Com uma lona a cobrir o bronze de Robert E. Lee em Emancipation Park no centro das atenções, e à luz de acontecimentos recentes em Charlottesville, têm-se discutido símbolos afetos à elite agrária e escravocrata que dominou o sul dos Estados Unidos até à Guerra de Secessão. Mas já há um ano, em Houston, se debatia a mudança de nome da Lanier Middle School, batizada em honra do poeta e músico Sidney Lanier, personagem que, por sinal, possui uma biografia curta e curiosa, com passagem fugaz pelo exército confederado (na base da celeuma atual), pela advocacia, pela docência ou pelo fantasioso, disciplina em que, ao longo de 1876, na revista literária “Lippencott’s”, e sem ter posto um só pé no subcontinente, publicou uma série de crónicas de viagem chamada “Esboços da Índia”. Numa, ao descrever os movimentos de uma bailarina, dizia assim: “Reparei que tremia por inteiro e que, não obstante, era capaz de manter um ar de enorme elegância. A sua atuação resumia-se a lânguidas alterações a essa postura e a uma miniatural dança dos nervos do seu corpo.” 

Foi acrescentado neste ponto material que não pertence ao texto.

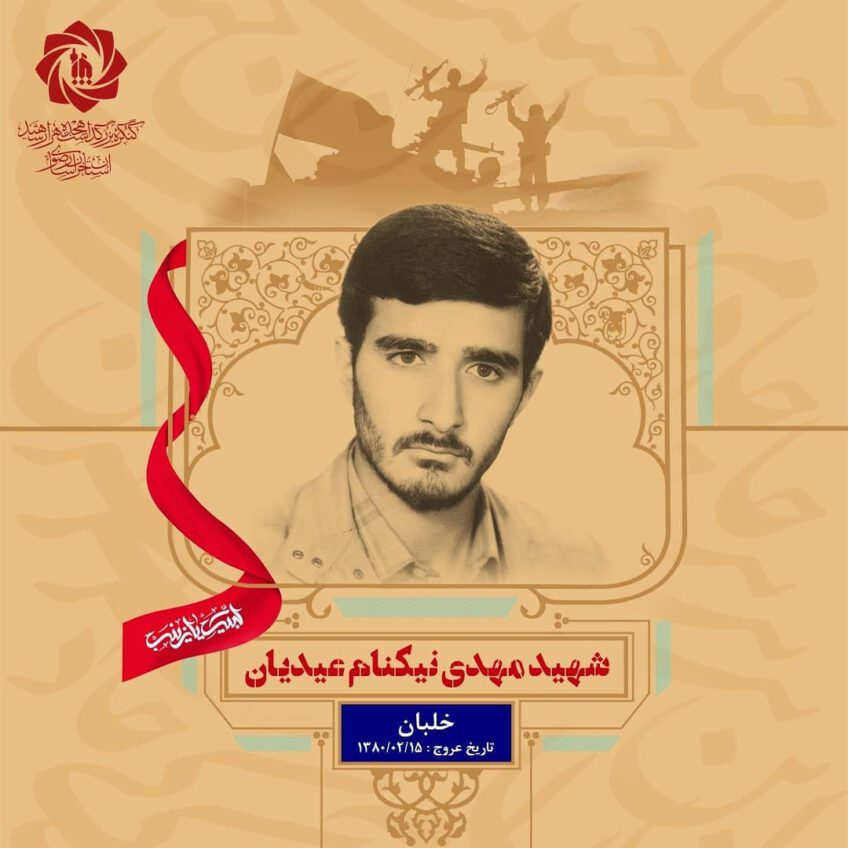 شهید مهدی نیکنام عیدیان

A frase parece feita à medida deste extraordinário “Nerve Dance”, claro, e a verdade é que o disco do quarteto de Attias permanece em diálogo aberto com as ambiguidades que conjuga e com a tensão que o cerca. Numa entrevista a “Jazz Right Now”, o saxofonista diz preferir a música que pressupõe a “democracia do ouvido” e respeitar uma plateia que aceite estar “perante o desconhecido” – ele, que, em 2015, num ensaio, sugeriu que o “improvisador é um completo estranho à música”, pois “a música é revolta”, um “corpo que ensino a dançar ao contrário”. É uma referência a Artaud, a coreográfica expressão, e ao sujeito enquanto identidade inacabada. Em junho, a “JazzTrail”, assumia não ter identidade, no sentido em que não queria “ficar preso a uma certa imagem” de si próprio – queria ir “mais fundo”. Nunca, como aqui, e jamais num momento tão necessário. Ouve-se “Nerve Dance” e sente-se o jazz a rebelar-se contra a tirania das construções identitárias, como um tijolo de lucidez atirado a flash mobs de neonazis em Charlottesville.

14 de outubro de 2017

Rachmaninov: The 4 Piano Concertos; Piano Works (Warner, 2017)

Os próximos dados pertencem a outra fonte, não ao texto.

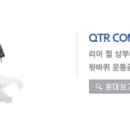 아진기업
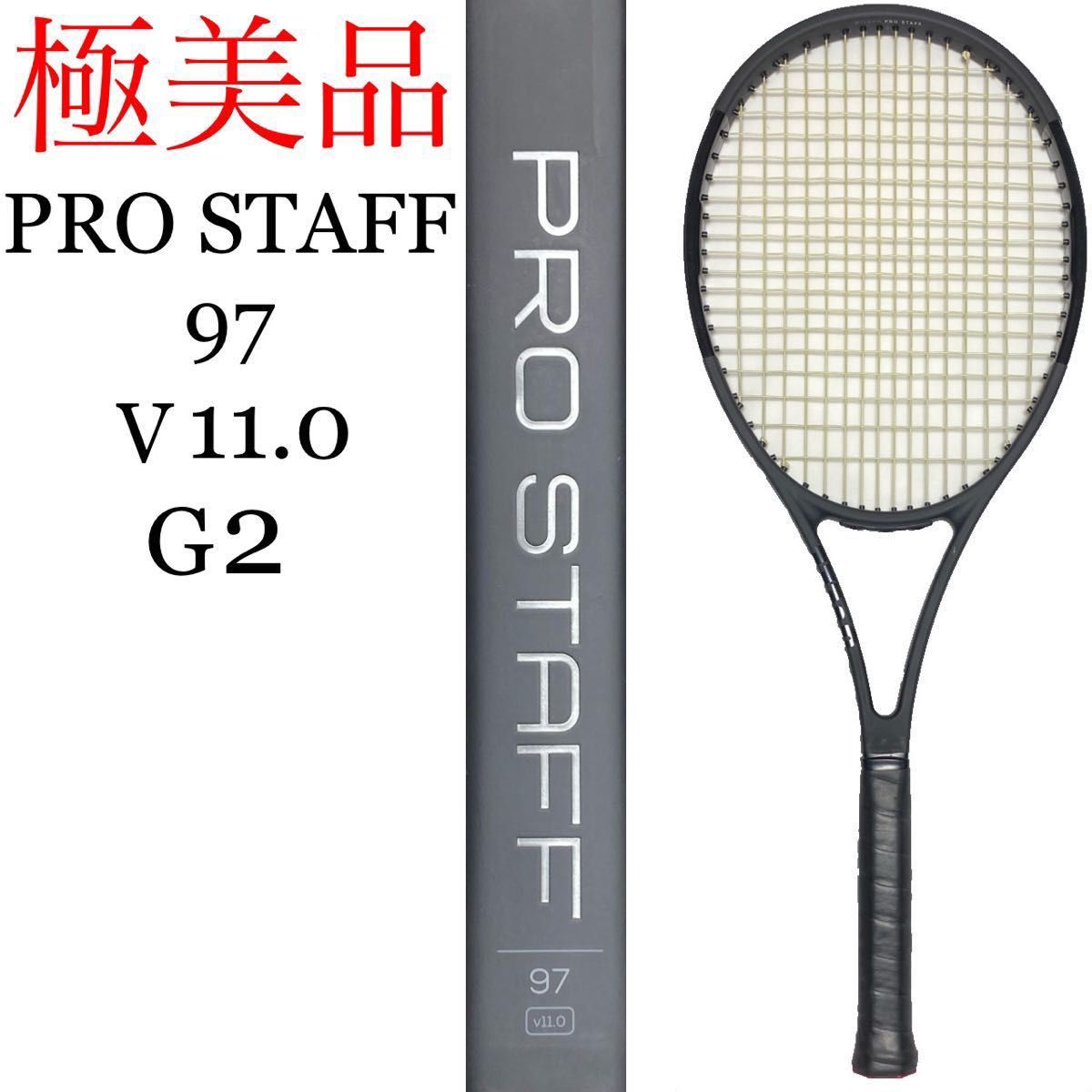 Wilson ウィルソン Pro staff 97L v12.0 硬式 テニスラケット Wilson ウィルソン Pro staff 97L v12.0 硬式 テニスラケット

Rachmaninoff não se conseguia fazer entender. Mesmo quando os jornalistas o levavam à trela, perdia-se. Estava desde 1918 em Nova Iorque e quando lhe pediam um comentário acerca do estado de coisas na Rússia, ele, que pertencia à primeira vaga de emigrantes saída da Revolução de Outubro, vacilava: “Vocês não fazem ideia da desesperada saudade que sente um homem sem lar. Aqui, até o ar é diferente.” Prokofiev, outro expatriado, dizia: “Sou russo, isto é, o menos equipado dos homens para o exílio. Vejam os meus compatriotas, espalhados pelo mundo mas intoxicados pelo ar do seu país”. Na altura, dir-se-ia o reflexo de uma tendência natural para a contemplação. “Talvez todo o russo seja uma espécie de eremita”, concluía Rachmaninoff, que, antes de fugir à convivência com os seus, procurava paz e tranquilidade na herdade de Ivanovka, na estepe de Tambov, onde “em vez de um vasto oceano havia campos de trigo e centeio a perder de vista”. Em 2002, numa entrevista concedida a uma publicação alemã, a “Klassik Heute”, perguntavam a Nikolai Lugansky se na sua personalidade identificava alguma dessa melancolia expressa por Rachmaninoff. “Creio que sim”, respondia o pianista. “Está na nossa índole, quiçá em virtude da extensão e escuridão da nossa paisagem.”

Desde que Lugansky toca publicamente Rachmaninoff – e em disco fá-lo desde 1987, tinha então 15 anos – que é nisto que se pensa: que se está perante aquele caso, raro, de um intérprete do compositor que não tem de se compenetrar inteiramente do pensamento alheio ao executar-lhe as obras, como se as tivesse encontrado com domicílio na sua própria intuição, na sua memória, na sua experiência de vida. Confirmando-o, chegou há pouco ao mercado esta imaculada retrospetiva (trazendo a reboque as sinfonias dirigidas por Previn), na qual se destacam os Prelúdios do opúsculo 23, apenas porque Lugansky os planeia tocar hoje ao final da tarde em Lisboa (19h, Gulbenkian). Vêm de antes do desterro, quando o futuro parecia diferente, menos empestado por saudades, mas a melancolia já lá estava, mascarada de outra coisa: “Que bem que ele ouve o silêncio”, disse Gorki, quando os escutou pela primeira vez. Podia estar a falar de Lugansky.